There was a time when I was one with Rangi, but now we live far apart. Between us, but not separating us, were our many children to whom we had given life and nourishment and into whose hands had been given future life and growth. But this future life and growth required light and space. So our children set us apart, causing Ranginui the father, and me, Papatuanuku the mother, great pain and anguish. (Kahukiwa & Grace, 2000:22) Dr Ranginui Walker (1978) refers to the ‘myth-messages’ embedded in Māori mythology, and how in contemporary society these myth-messages need to be more clearly stated for understanding. In addition he writes:
The validity of myths was not questioned by the Māori until the post-Christian era when they were displaced by the mythology of a new culture. Today ‘kōrero pūrākau’ has the same negative connotation of untruth as it is only a myth. This is unfortunate, since an analysis of Māori myths will show that even today Māori will respond to the myth messages and cultural imperatives embedded in their mythology…The myth-messages now need to be spelled out to the modern Māori. (Walker, 1978: 20) In essence, pūrākau centre on the actions, feelings and behaviours of a whānau. As discussed by Sullivan (2002):
A famous English writer, William Shakespeare, once wrote that the whole world is a stage. In the Māori world, the whole world is a story. The world is family of stories, beginning with Ranginui and Papatuanuku. Your own story, your life story, is a part of this great family story. The stories of our gods set examples of how to live our lives, how to live well and to live with each other. The gods weren’t perfect…but the gods were there to guide us and our ancestors who came after the gods. (Sullivan, 2002:28)
Te Wehenga: Separation
The kōrero pūrākau highlight the impact of separation. After Ranginui and Papatuanuku were separated, their children all had different reactions. Korero pūrākau show us how our atua coped, adapted and dealt with change, separation and loss. Aspects of tikanga came about from the actions of the atua who were reacting to the changes. In addition, the pūrākau show the capacity for both positive and negative actions. When considering the behaviour of each of the children, the pūrākau reflect a strong, strengths-based focus. This is relevant to viewing conduct problems within a Te Ao Māori perspective.
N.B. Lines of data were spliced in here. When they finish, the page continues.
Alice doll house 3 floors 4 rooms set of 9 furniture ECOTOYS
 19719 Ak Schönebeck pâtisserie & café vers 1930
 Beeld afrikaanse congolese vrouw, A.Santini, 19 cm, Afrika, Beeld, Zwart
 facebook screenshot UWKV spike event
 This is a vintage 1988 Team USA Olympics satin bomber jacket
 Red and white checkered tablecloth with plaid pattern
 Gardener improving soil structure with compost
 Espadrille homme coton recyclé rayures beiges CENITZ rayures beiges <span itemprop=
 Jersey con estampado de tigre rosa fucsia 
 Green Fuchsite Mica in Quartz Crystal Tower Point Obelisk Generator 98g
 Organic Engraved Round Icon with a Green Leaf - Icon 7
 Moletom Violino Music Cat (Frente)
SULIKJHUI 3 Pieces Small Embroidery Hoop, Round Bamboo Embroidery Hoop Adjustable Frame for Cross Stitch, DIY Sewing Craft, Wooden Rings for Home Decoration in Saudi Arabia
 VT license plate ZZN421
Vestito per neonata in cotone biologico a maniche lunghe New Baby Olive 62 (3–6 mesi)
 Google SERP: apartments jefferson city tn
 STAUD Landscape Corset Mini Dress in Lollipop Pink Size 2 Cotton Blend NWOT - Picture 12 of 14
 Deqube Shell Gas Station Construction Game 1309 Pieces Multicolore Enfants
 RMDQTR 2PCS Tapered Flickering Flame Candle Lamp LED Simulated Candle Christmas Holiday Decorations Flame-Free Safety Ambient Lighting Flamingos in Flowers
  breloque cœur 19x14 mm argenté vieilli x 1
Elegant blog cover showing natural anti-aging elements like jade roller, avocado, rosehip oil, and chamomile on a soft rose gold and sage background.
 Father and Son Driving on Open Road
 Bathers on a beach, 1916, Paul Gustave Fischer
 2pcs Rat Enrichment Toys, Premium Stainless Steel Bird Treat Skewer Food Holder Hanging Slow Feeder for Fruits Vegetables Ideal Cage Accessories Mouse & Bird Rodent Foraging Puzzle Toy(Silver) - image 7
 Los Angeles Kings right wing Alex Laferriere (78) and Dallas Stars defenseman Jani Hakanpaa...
For example, consider Tāwhirimatea, god of the winds, who reacted angrily against his brothers:
After the separation the brothers continued to fight. One particular brother, Tāwhirimatea who was known as God of the Wind became very angry. He had never agreed to the separation and believed that his mother and father were meant to stay together. He showed his anger by attempting to destroy his brothers. (Cherrington & Rangihuna, 2000:2) Tāwhirimatea sent great winds and storms to beat upon Tangaroa (god of the ocean) and Tāne Mahuta (god of the forest). He destroyed property and caused much devastation. Despite his ability for anger and destruction, he had many strengths. Later he helped Tāne obtain the three kete (basket) of knowledge. Whiro, the eldest brother, attacked Tāne as he ascended the heavens, and Tāwhirimatea sent the winds to disperse the hordes of insects Whiro had sent. In his actions Tāwhirimatea displayed the attributes of aroha (love), tautoko (support) and manaki (caring). Despite Tāwhirimatea’s potential to destroy, we also acknowledge his potential for healing, as evident in the whakatauaki:
Hokia ki nga maunga kia purea koe e nga hau Tāwhirimatea
Return to the mountains to be cleansed by the winds of Tāwhirmatea. As stated by Robyn Kahukiwa in her introduction to Wahine Toa: Women of Māori Myth:
Myths provide answers in human terms to the way things are in our world. The characters act as we do but on a grand scale. They can be an important guide to philosophy, values and social behaviour; to correct procedures for certain acts. They can show us the results of certain acts and provide pointers towards social order. (Kahukiwa & Grace, 2000:10) The potential for kōero pūrākau to be used in intervention settings has been advocated for in the past (Cherrington, 1999; Cherrington, 2002; Cherrington & Rangihuna, 2000, O’Conner & MacFarlane, 2002; Tapsell, R, cited in Brookbands & Simpson, 2007).2 It is seen as a taonga tuku iho, a gift handed down from our ancestors, and needs to be treated with respect.
Many legends, chants, historical accounts and proverbs have been interpretated and translated from Māori into English. In many instances it was a literal translation with little or no understanding of the depth of information and knowledge from which they project themselves. (Pere, 1991:10) The separation of Ranginui and Papatuanuku prompted change in the way the family functioned. There were both positive and negative consequences. The separation allowed growth and human life to come about:
So now Rangi dwells far above, giving space for growth. From his dwelling place he is ever witness to life and death, joy and sorrow, hope, despair, destruction, invention, jealously, treachery, courage, faith and love, and the many earthly happenings. (Grace, 2000:22) While it is acknowledged that the separation allowed space for growth, there is a suggestion, by looking at the words used to describe abnormal reactions or behaviour in Māori society, that too much space of separation has the potential to impact negatively. For example, the word pōrangi is used to describe abnormal behaviour, such as impulsiveness and dis-inhibition. Pō refers to the night and rangi is the sky. The mind is thought to be between the surface of sky and darkness (Stewart, 1997). Similarly, the word wairangi is described as a lesser state of mental illness where the mind is seen as being between water and sky (Stewart, 1997). These states also refer to Rangi, the sky and space. If there is too much space, difficulties and confusion may result.
Working with Māori who have conduct problems can be viewed as dealing with tamariki, taiohi and whānau whose separation is the greatest.